Iconic moments for college football's time capsule

It is one of the shrewdest weapons in a coach's motivational arsenal. You don't have to play hard for 60 minutes, the coach says. You have to play hard for six seconds, the length of an average play. Give me everything you have for six seconds, and then you can rest.

Over the next five days, ESPN.com will roll out The 100: The plays, performances and moments that define college football. Think of it this way: from 138 years of college football, we have assembled 600 seconds.

These are the iconic moments that belong in college football's time capsule. These are the moments that define the game: not just the great plays, but the meaningful ones. Not just the Hail Marys, but the plays that hailed change, either in the rule book, the playbook or, where color is concerned, the game's Facebook.

It would have been easy to fill the list with nothing but the sport's equivalent of walk-off home runs. The 2006 NCAA Football Record Book lists 163 game-ending winning plays that took place between 1971 and 2005 alone.
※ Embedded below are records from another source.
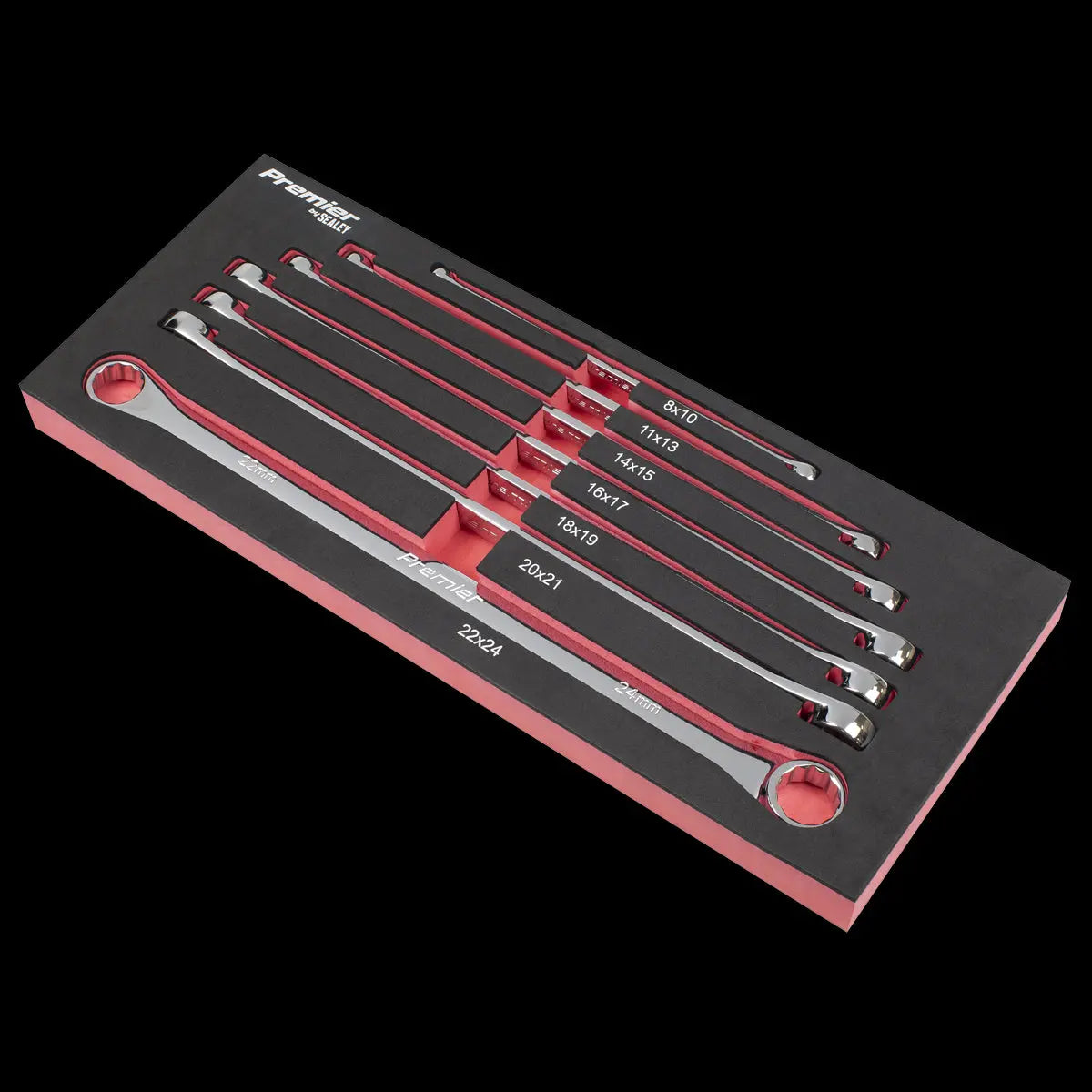 Sealey Premier Extra-Long Double End Ring Spanner Set 7pc 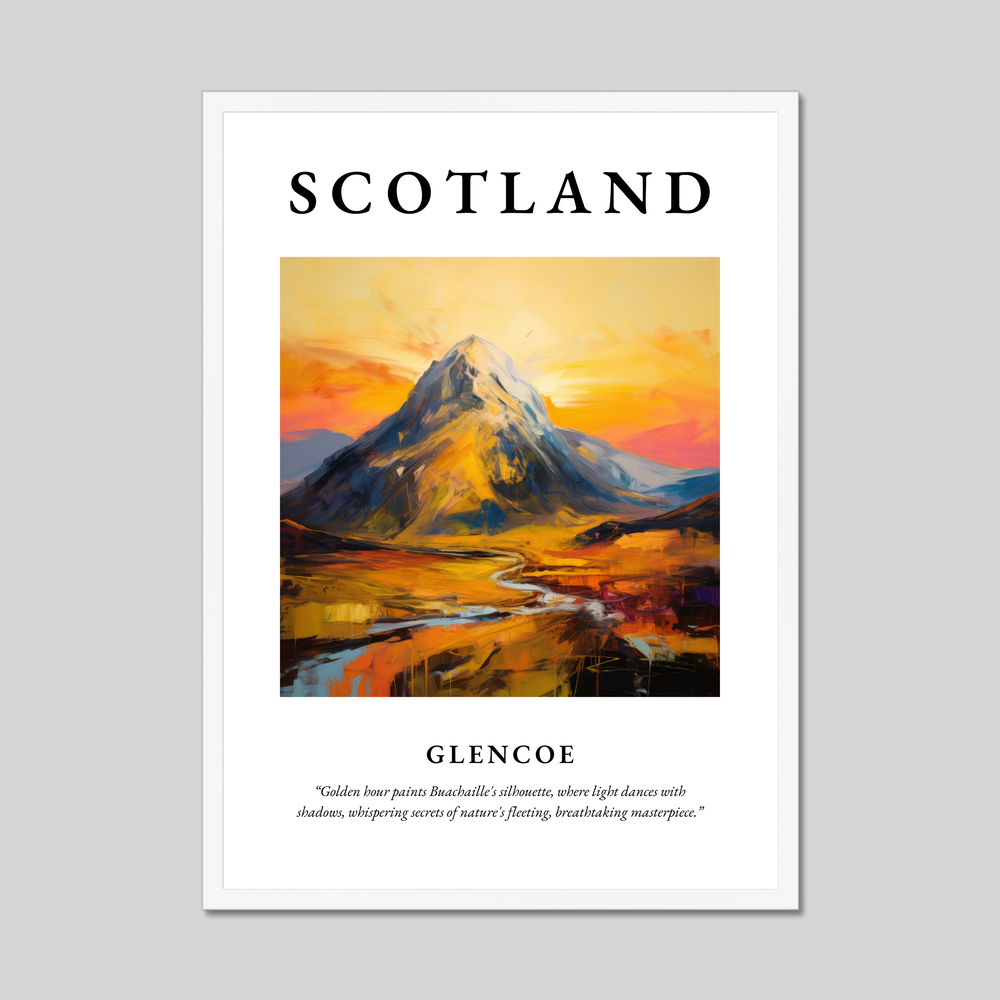 Poster in a white frame with the word Scotland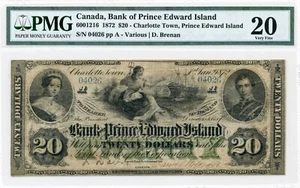 1872 $20 Bank of Prince Edward Island - Very Fine, PMG VF 20 - Picture 1 of 2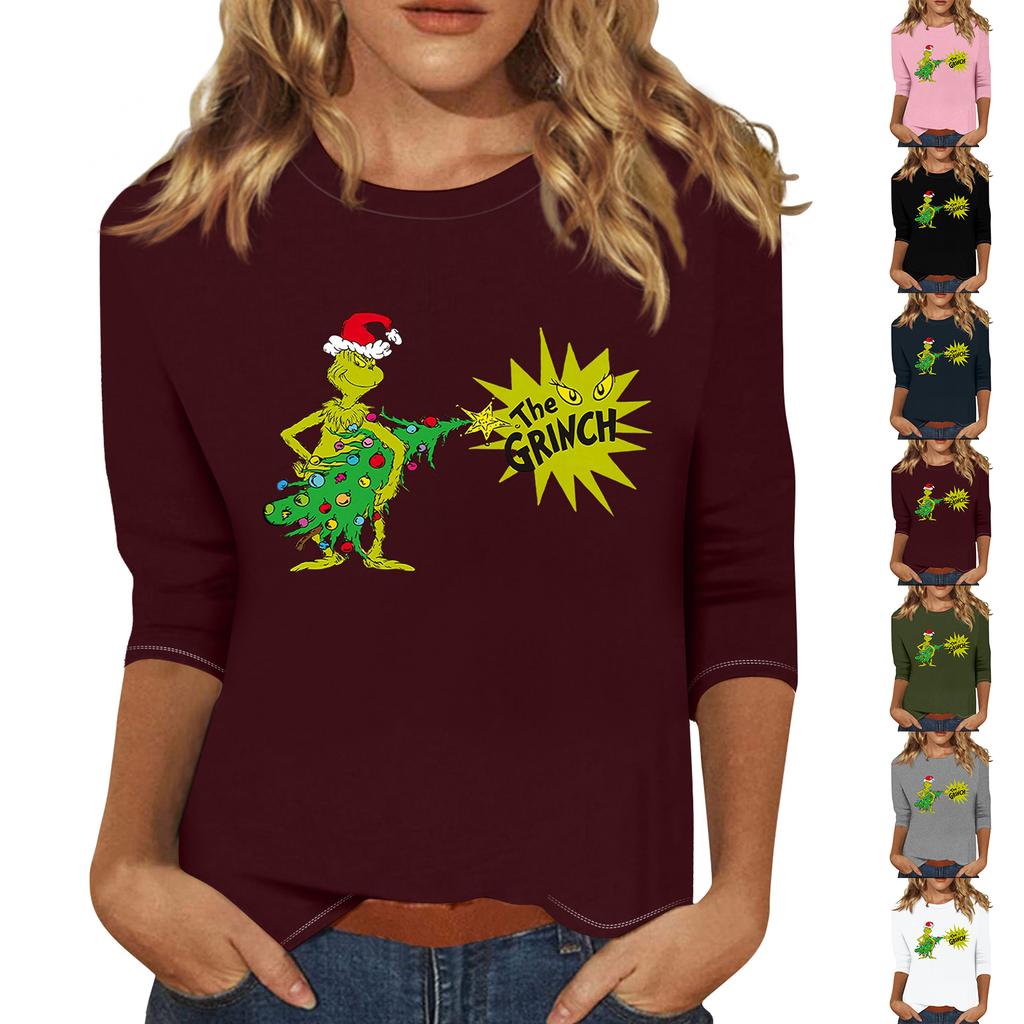 3/4 Sleeve Tops For Women T-Shirt Casual Christmas Print Tops T Shirt Round Neck Pullover Blouse
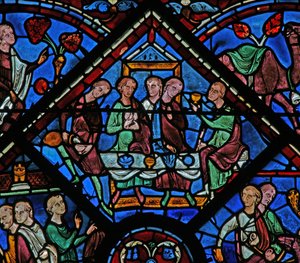 Das Joseph-Fenster: Er empfängt seine Brüder mit einem Fest von French School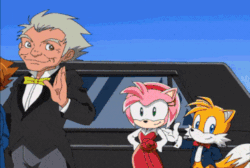 Size: 374x251 | Tagged: safe, amy rose, cheese (chao), chris thorndyke, cream the rabbit, miles "tails" prower, chao, fox, hedgehog, human, rabbit, camera, car, chuck thorndyke, clothes, dress, flashing, journalist, limosine, photographer, screencap, sonic x, taking picture, vehicle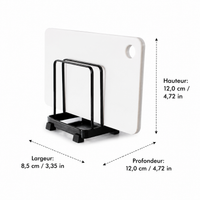 Metal Cutting Board Rack, Hygienic Board Storage for 3 Boards, Vertical Storage for Easy Kitchen Access, Minimalist Countertop Drainer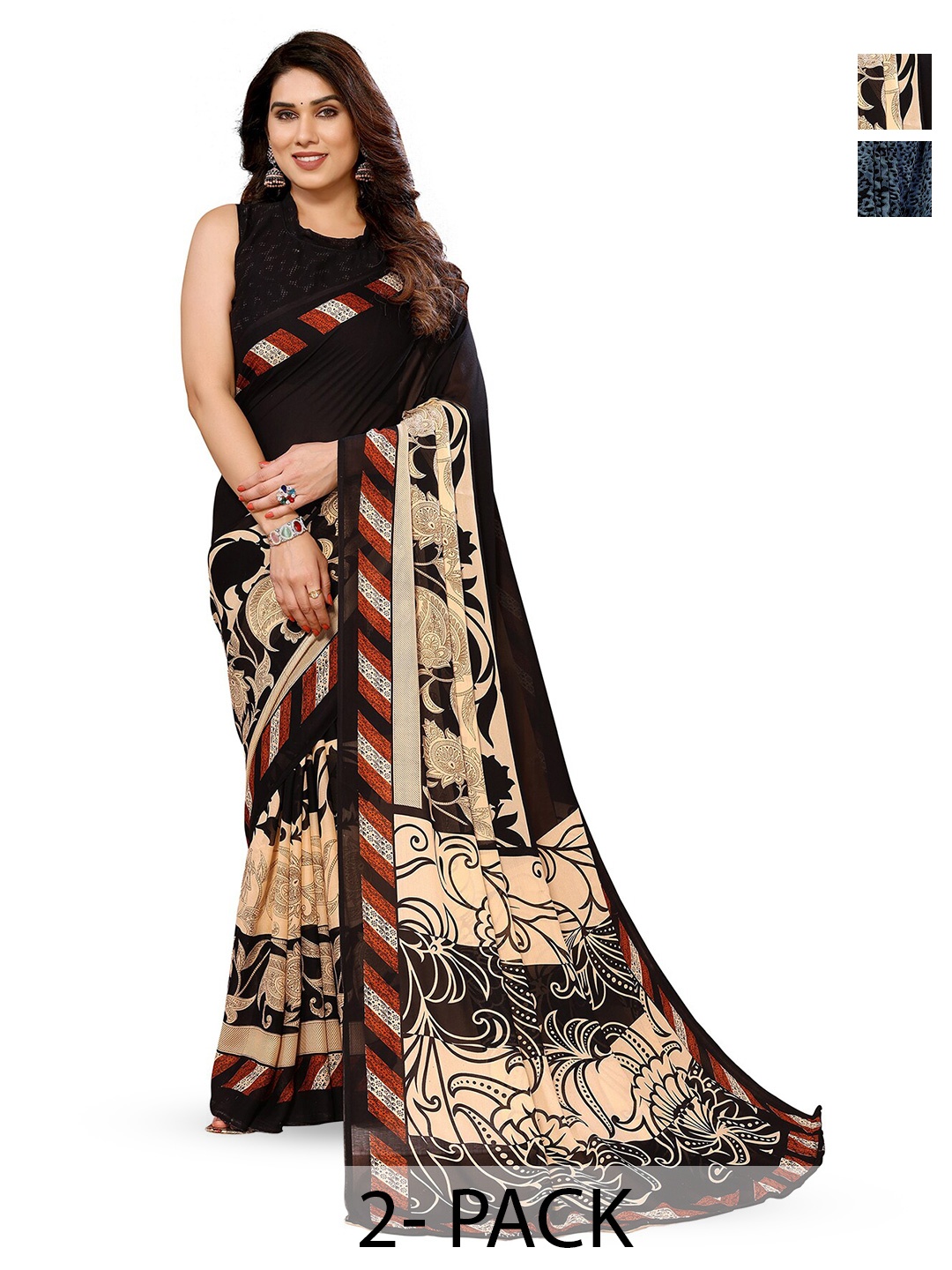 

ANAND SAREES Selection Of 2 Floral Printed Saree, Black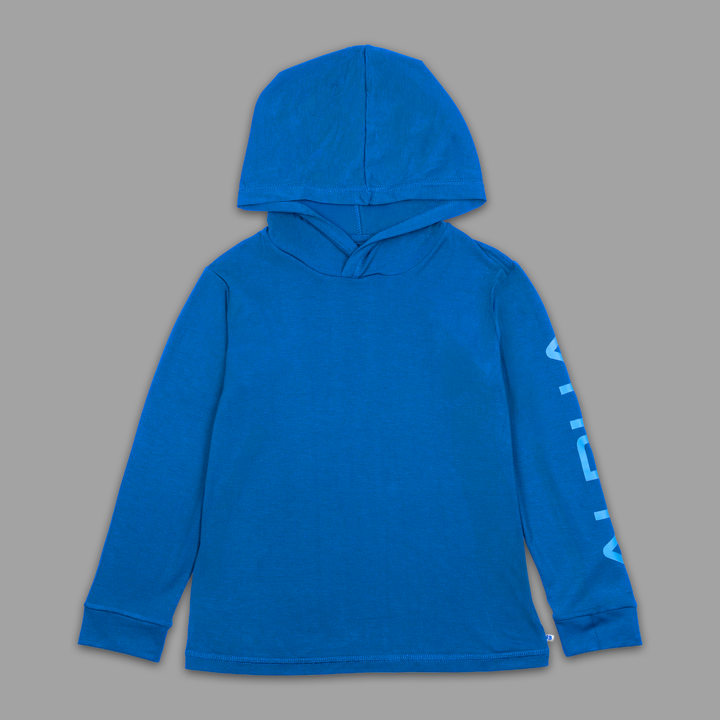 Kids Navy Sun Protective Hooded Shirt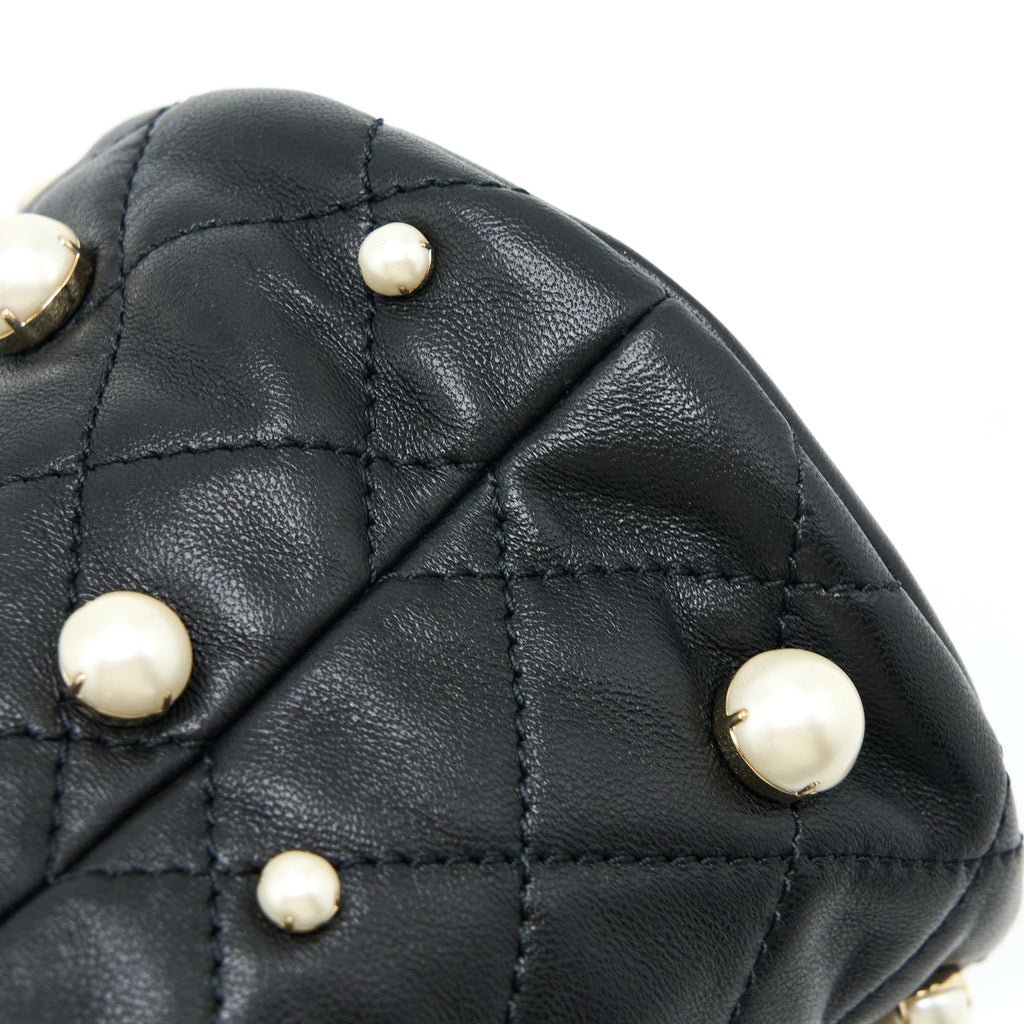 CHANEL MINI PEARLY BUCKET BAG WITH CHAIN LAMBSKIN BLACK LGHW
That excludes 10 years of overtime, not to mention the cardiac moments that happened in the final minute, the fourth quarter or, in the case of Gene McEver of the 1928 Tennessee Volunteers, on the opening kickoff.

You will see the obvious choices that casual fans can identify. You will see the choices that casual fans of generations past identified with the same ease. Wayne Millner (1935), meet the Stanford Band (1982).

You will see the subtle choices, plays that at the time only a fortune-teller could identify. Only in their aftermath, which stretched over days, or sometimes seasons, did we understand that what they set in motion led to bowl bids, national championships and Hall of Fame careers.

You will see plays that wrote themselves into the national memory book not because of their effect on the outcome of the game but because of their effect on the public. Only die hard fans recall that Alabama safety George Teague's strip of Miami wide receiver Lamar Thomas in the 1993 Sugar Bowl was called back because of a Tide penalty. It may have been "no play" in the record book, but this list would not be complete without it.

Our unveiling of The 100 will take one week. The debate over them began long ago, and will continue for the life of the sport. We feel sure that you will linger over each choice for more than six seconds.